## Your task:
From the line that contains "Sweet Life by LB Alex" through the end of the records below, write out each line exactly as it appears, but not the pictures.

(Image-text web data)
+---+

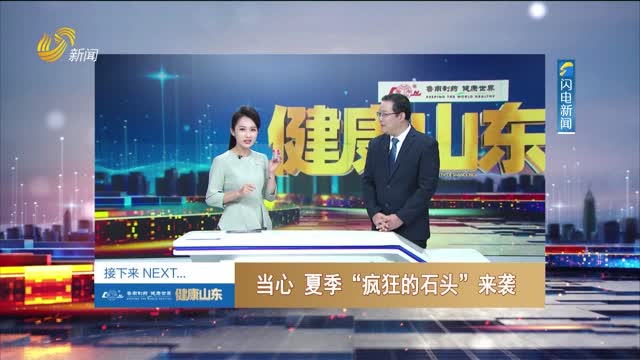 20230729《健康山東》：當心 夏季“瘋狂的石頭”來襲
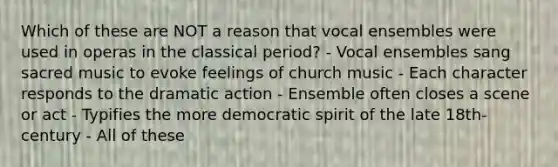 Which of these are NOT a reason that vocal ensembles were used in operas in the classical period? - Vocal ensembles sang sacred music to evoke feelings of church music - Each character responds to the dramatic action - Ensemble often closes a scene or act - Typifies the more democratic spirit of the late 18th-century - All of these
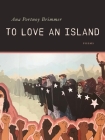 To Love an Island By Ana Portnoy Brimmer Cover Image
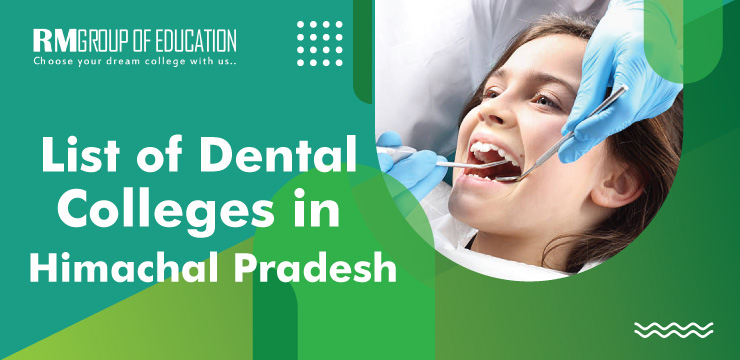 List of Dental Colleges in Himachal Pradesh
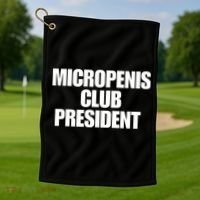 Micropenis Club President Funny Meme Sarcastic Stupid Cringe Golf Towel thumb 1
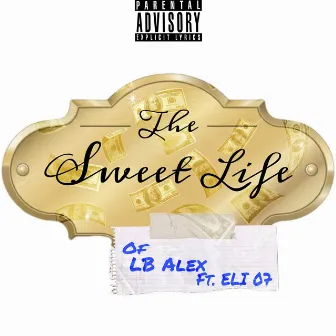 Sweet Life by LB Alex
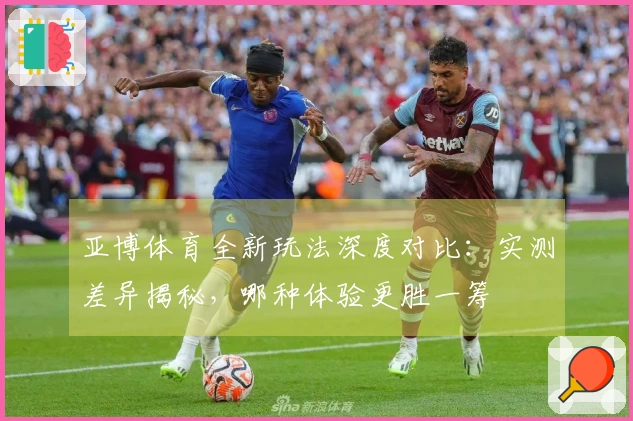亚博体育全新玩法深度对比：实测差异揭秘，哪种体验更胜一筹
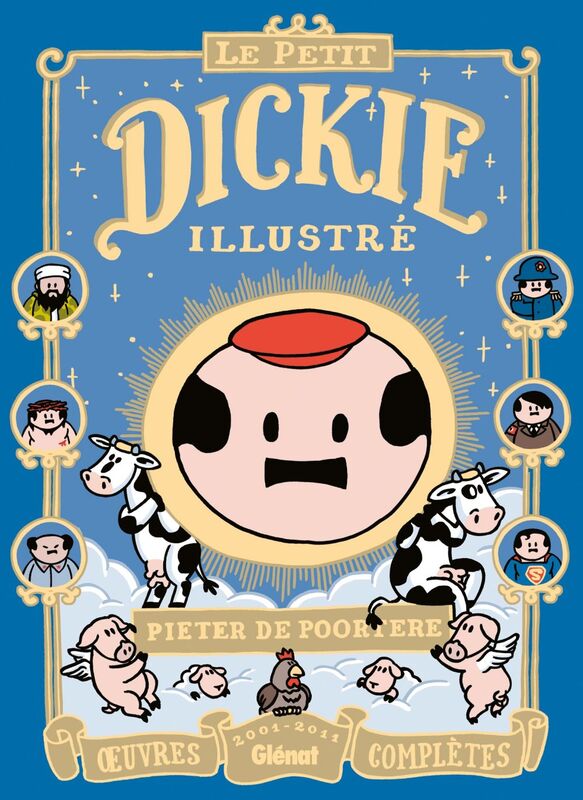 Le Petit Dickie Illustré Oeuvres complètes 2001-2011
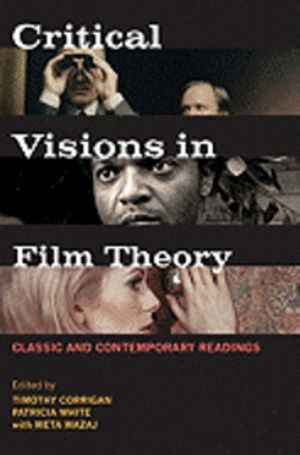 Critical Visions in Film Theory: Classic and Contemporary Readings; Timothy Corrigan, Patricia White, Meta Mazaj; 2011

+---+

## Reply:
 Sweet Life by LB Alex
亚博体育全新玩法深度对比：实测差异揭秘，哪种体验更胜一筹
 Le Petit Dickie Illustré Oeuvres complètes 2001-2011
 Critical Visions in Film Theory: Classic and Contemporary Readings; Timothy Corrigan, Patricia White, Meta Mazaj; 2011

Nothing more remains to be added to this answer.